Nel 2018 ricorre il cinquantesimo anniversario di quel movimento culturale denominato appunto il Sessantotto.
Ma in realtà ebbe inizio già nel 1967 e precisamente venerdì 17 novembre con l’occupazione dell’Università Cattolica di Milano ad opera degli studenti, tra cui Mario Capanna e Nello Casalini.
Rettore era Ezio Franceschini, membro dell’Istituto secolare dei missionari della regalità di Cristo fondato – come lo stesso ateneo milanese – dal francescano padre Agostino Gemelli (www.assisiofm.it, 14 novembre).
In quel momento molti studenti dell’ateneo fondato da Gemelli, non protestano più solo sui corsi di studio, la formazione “autoritaria”, i criteri “classisti” di accesso, e così via ma sono spinti a ridiscutere il sistema sociale nel suo insieme, a contrastare le istituzioni, comprese quelle ecclesiali.
Sette ore
Capanna, poi leader di Democrazia Proletaria, con i suoi amici più stretti, fu tra i più attivi a convincere gli altri dell’urgenza di occupare subito la Cattolica: quella sera di cinquant’anni fa, la prima occupazione durò solo sette ore e i settecento studenti coinvolti sono fatti sgombrare alle tre di notte dagli agenti chiamati subito dal rettore.
La scintilla
A fare da denotatore era stato probabilmente l’annunciato raddoppio delle tasse: letto come espediente per trasformare l’ateneo in un’università per ricchi. In realtà la repressione colpì gli studenti quando cominciavano a riflettere davvero anche sul senso e il potere dell’istituzione in cui studiavano, o i rapporti fra scienza e rivelazione, consumismo e vita cristiana.
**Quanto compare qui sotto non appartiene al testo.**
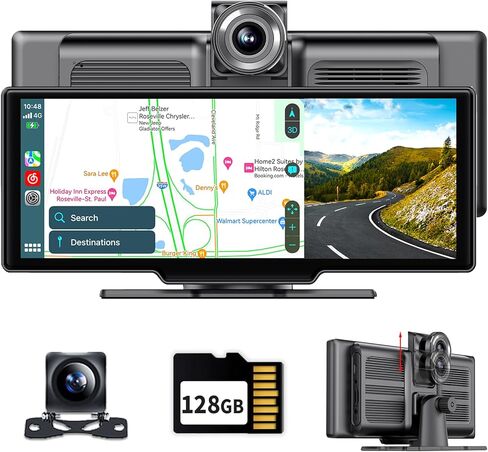 ستيريو سيارة محمول 9.3 بوصة مع كاميرا داش 4K قابلة للتعديل، ADAS، Apple Carplay اللاسلكي وAndroid Auto، مرآة للهاتف بدون استخدام اليدين بشاشة تعمل باللمس in Kuwait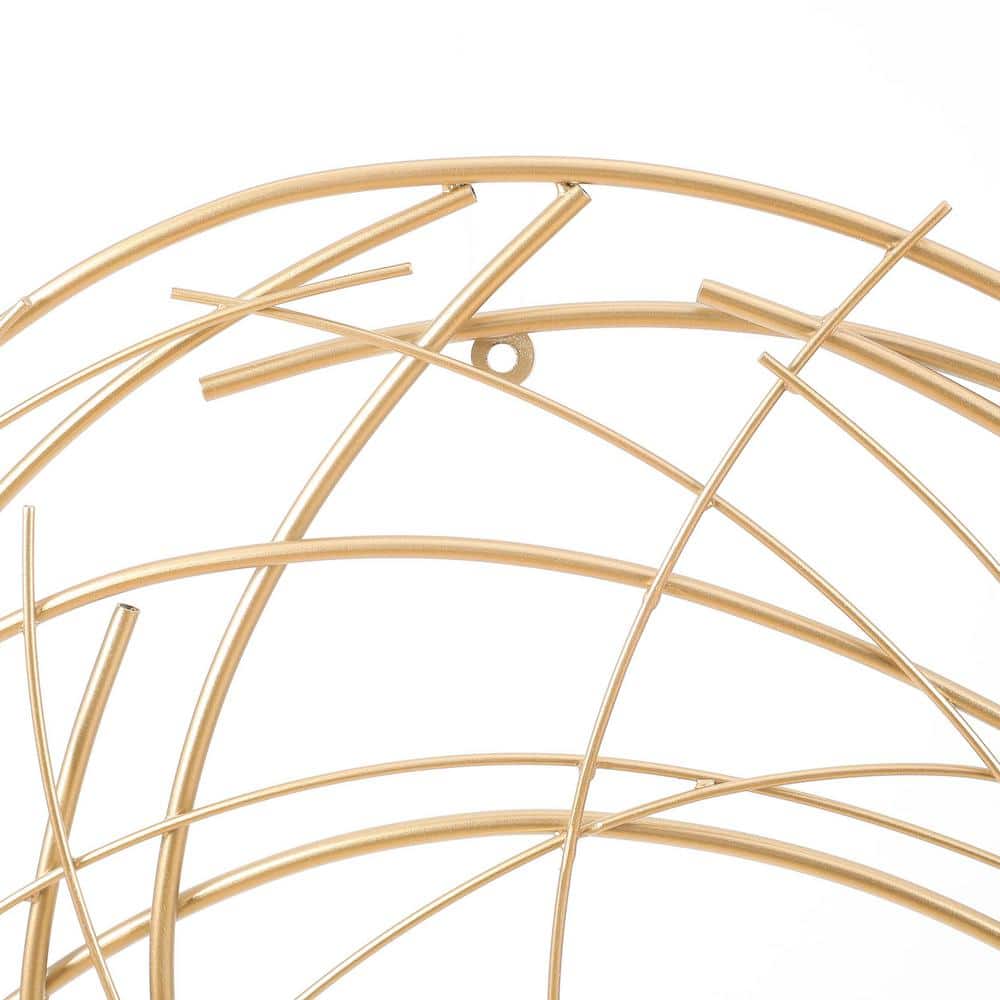 LuxenHome Gold Finish Iron Circular Wall Sculpture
L’incontro con il Segretario di Stato
In ogni caso con quello sgombero nel primo ateneo non statale e la serrata disposta immediatamente, si avviò la serie di manifestazioni (poi sfociate spesso in tafferurgli o drammatiche guerriglie urbane) che scandirono a lungo la vita di Milano, ma anche Torino (la cui università tornò ad essere occupata già a fine novembre), dilagando poi negli atenei di Genova, Napoli, Firenze, Cagliari, Salerno, Padova (occupati da dicembre ’67 ai mesi successivi).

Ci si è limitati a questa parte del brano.